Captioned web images
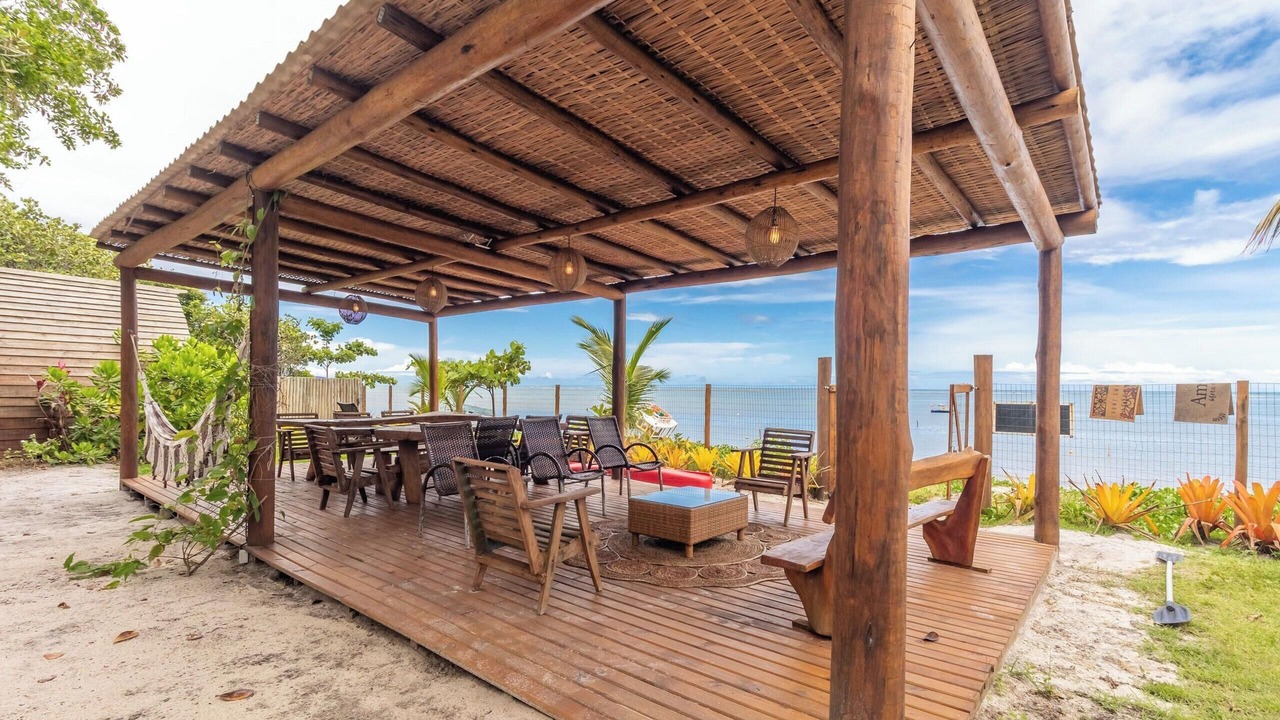 Photo of Outdoor in Porto Seguro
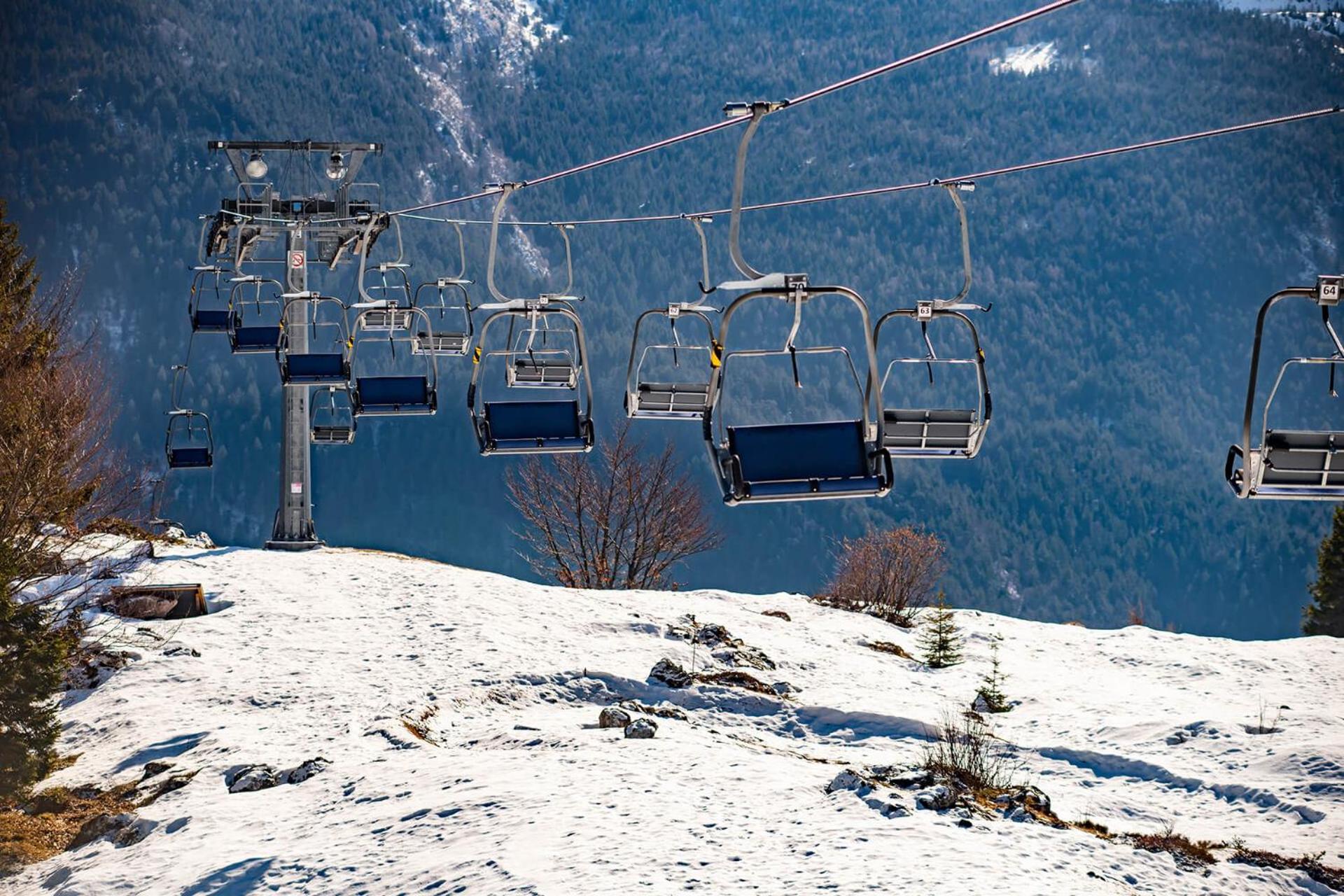 Hotel Lory - Molveno - Dolomiti Luaran gambar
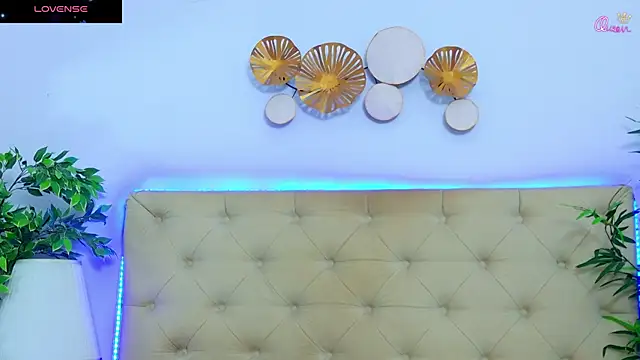 Daliya_ webcam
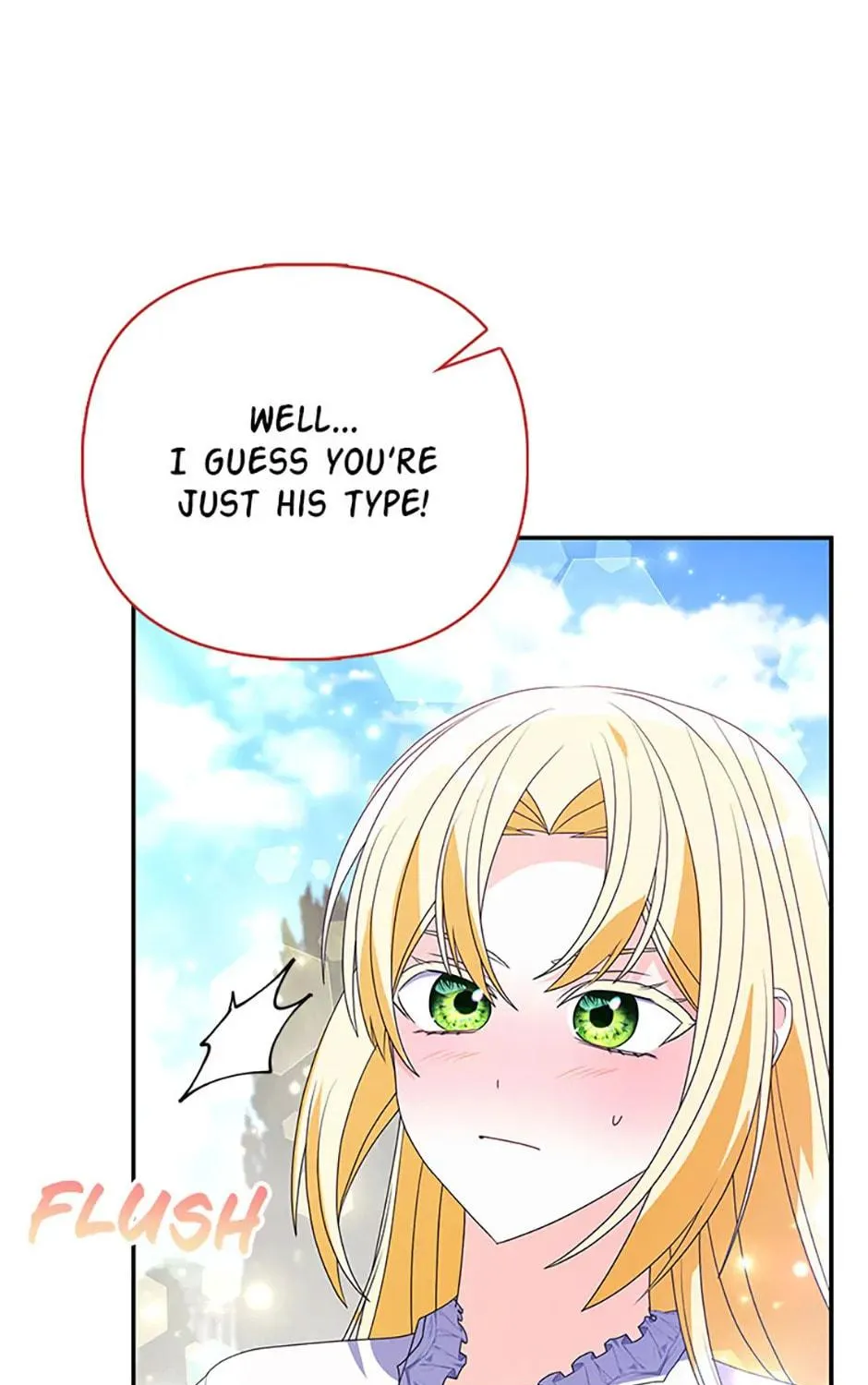 A Fairy-Tale Ending for a Fake Chapter 21 page 66 - 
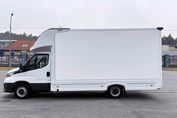 Iveco Daily 35S16 Izoterma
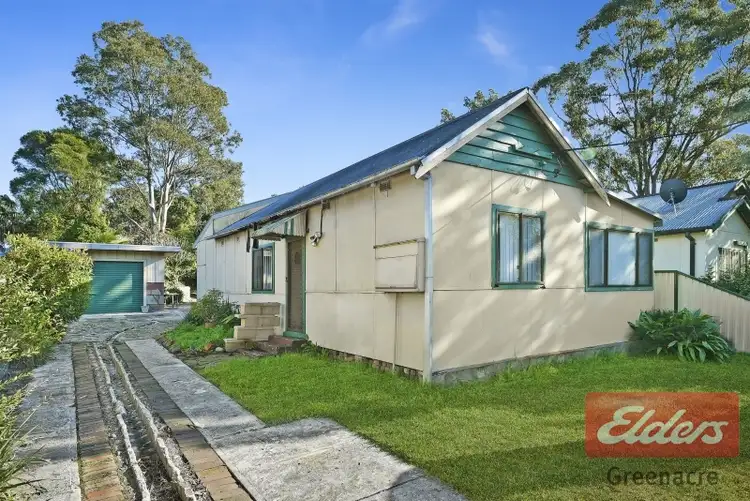 Main view of Homely house listing, 232 Roberts Road, Greenacre NSW 2190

* **Work task**
In the copy, include every line of the records exactly and none of the images.

* **Finished exercise**
 Photo of Outdoor in Porto Seguro
 Hotel Lory - Molveno - Dolomiti Luaran gambar
 Daliya_ webcam
 A Fairy-Tale Ending for a Fake Chapter 21 page 66 - 
 Iveco Daily 35S16 Izoterma
 Main view of Homely house listing, 232 Roberts Road, Greenacre NSW 2190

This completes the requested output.